TASK >> In the data below, find the line containing "财宝天王沉香手工雕刻挂件文莱黄财神木雕牌子收藏黑油沉水奇楠", then set down that line and every later line up to and including the line containing "O301　可動 カシオ CASIO", exactly.

*** Opening RAW DATA ***

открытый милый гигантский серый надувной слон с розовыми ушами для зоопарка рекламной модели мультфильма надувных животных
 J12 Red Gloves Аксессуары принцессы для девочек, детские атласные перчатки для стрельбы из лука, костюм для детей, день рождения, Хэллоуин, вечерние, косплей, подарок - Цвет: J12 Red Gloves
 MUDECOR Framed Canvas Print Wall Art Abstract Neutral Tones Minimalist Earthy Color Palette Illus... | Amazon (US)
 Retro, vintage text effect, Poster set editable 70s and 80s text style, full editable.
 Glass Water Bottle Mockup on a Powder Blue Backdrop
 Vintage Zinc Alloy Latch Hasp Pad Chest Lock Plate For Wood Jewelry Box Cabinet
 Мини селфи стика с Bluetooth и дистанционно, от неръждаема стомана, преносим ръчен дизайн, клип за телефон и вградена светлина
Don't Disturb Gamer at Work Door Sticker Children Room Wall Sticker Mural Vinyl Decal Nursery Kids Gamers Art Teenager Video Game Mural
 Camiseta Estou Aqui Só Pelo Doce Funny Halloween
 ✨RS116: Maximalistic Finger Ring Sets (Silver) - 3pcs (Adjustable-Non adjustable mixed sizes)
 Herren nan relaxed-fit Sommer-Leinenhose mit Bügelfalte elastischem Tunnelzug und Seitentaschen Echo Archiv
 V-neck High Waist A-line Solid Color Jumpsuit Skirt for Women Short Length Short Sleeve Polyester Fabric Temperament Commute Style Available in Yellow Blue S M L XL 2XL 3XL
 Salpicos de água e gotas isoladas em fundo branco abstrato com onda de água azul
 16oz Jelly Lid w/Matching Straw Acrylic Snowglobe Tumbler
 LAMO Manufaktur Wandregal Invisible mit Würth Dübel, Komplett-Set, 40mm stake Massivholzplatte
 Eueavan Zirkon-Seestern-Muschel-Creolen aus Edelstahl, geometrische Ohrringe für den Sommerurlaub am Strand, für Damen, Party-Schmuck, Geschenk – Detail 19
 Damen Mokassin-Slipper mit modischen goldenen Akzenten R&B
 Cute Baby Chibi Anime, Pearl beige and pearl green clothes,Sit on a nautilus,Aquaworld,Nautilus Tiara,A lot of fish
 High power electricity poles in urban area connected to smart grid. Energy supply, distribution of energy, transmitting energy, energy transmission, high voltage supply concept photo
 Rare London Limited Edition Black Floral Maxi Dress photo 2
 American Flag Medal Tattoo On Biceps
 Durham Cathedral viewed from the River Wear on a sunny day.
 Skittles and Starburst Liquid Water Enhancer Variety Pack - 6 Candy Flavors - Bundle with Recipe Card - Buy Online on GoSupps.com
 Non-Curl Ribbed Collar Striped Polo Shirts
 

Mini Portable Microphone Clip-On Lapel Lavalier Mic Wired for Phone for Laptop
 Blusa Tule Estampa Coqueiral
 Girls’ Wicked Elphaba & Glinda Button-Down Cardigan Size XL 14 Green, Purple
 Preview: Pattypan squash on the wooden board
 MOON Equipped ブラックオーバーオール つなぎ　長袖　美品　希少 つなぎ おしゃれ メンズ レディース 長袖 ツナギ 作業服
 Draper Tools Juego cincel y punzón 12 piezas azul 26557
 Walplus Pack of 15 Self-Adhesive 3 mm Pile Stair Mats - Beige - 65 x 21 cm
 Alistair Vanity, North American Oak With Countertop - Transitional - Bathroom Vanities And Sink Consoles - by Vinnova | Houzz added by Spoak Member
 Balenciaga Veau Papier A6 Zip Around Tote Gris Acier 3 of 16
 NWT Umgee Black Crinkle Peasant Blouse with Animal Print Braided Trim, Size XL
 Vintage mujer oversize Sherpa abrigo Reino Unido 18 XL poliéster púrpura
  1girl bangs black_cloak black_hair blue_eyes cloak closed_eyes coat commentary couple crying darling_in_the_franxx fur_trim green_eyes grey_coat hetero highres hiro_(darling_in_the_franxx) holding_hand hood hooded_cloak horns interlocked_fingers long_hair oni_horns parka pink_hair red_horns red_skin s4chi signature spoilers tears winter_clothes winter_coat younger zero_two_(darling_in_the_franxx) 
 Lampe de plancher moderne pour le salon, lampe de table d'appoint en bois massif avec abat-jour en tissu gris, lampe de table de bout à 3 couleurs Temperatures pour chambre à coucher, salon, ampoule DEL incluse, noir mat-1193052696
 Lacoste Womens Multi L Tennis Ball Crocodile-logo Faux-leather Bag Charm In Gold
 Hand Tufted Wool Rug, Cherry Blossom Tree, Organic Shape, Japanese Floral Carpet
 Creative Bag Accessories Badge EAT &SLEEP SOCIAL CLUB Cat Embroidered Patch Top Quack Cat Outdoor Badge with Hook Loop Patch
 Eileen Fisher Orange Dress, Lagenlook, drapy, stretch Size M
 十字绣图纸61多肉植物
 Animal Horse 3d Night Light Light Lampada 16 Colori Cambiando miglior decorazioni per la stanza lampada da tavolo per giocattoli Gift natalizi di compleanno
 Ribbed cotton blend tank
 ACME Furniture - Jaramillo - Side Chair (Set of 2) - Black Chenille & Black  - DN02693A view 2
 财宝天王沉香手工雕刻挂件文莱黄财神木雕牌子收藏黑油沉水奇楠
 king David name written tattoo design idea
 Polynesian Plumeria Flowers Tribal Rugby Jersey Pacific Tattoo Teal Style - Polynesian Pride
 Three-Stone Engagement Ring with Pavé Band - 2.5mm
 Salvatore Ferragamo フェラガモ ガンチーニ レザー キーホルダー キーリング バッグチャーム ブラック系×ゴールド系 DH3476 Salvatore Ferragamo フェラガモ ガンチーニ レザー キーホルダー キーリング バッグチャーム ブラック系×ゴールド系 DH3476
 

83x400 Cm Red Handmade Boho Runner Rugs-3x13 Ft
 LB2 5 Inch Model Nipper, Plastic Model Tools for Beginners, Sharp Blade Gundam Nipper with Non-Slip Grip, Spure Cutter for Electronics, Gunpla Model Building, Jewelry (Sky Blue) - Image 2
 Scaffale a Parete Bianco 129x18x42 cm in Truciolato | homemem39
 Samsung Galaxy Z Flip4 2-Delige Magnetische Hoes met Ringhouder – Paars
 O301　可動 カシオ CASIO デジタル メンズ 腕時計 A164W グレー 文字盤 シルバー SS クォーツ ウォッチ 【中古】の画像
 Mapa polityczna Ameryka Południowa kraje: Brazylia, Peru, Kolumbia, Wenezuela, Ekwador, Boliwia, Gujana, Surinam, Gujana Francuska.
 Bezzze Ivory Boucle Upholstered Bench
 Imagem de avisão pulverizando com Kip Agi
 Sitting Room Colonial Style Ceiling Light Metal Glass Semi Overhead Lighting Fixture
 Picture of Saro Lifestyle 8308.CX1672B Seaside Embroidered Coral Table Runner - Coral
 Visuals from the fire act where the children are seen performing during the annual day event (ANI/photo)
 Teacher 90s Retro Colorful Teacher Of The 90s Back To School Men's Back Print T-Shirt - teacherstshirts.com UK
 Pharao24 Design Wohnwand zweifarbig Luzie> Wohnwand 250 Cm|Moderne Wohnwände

*** Closing RAW DATA ***

EXERCISE ANSWER >>
 财宝天王沉香手工雕刻挂件文莱黄财神木雕牌子收藏黑油沉水奇楠
 king David name written tattoo design idea
 Polynesian Plumeria Flowers Tribal Rugby Jersey Pacific Tattoo Teal Style - Polynesian Pride
 Three-Stone Engagement Ring with Pavé Band - 2.5mm
 Salvatore Ferragamo フェラガモ ガンチーニ レザー キーホルダー キーリング バッグチャーム ブラック系×ゴールド系 DH3476 Salvatore Ferragamo フェラガモ ガンチーニ レザー キーホルダー キーリング バッグチャーム ブラック系×ゴールド系 DH3476
 

83x400 Cm Red Handmade Boho Runner Rugs-3x13 Ft
 LB2 5 Inch Model Nipper, Plastic Model Tools for Beginners, Sharp Blade Gundam Nipper with Non-Slip Grip, Spure Cutter for Electronics, Gunpla Model Building, Jewelry (Sky Blue) - Image 2
 Scaffale a Parete Bianco 129x18x42 cm in Truciolato | homemem39
 Samsung Galaxy Z Flip4 2-Delige Magnetische Hoes met Ringhouder – Paars
 O301　可動 カシオ CASIO デジタル メンズ 腕時計 A164W グレー 文字盤 シルバー SS クォーツ ウォッチ 【中古】の画像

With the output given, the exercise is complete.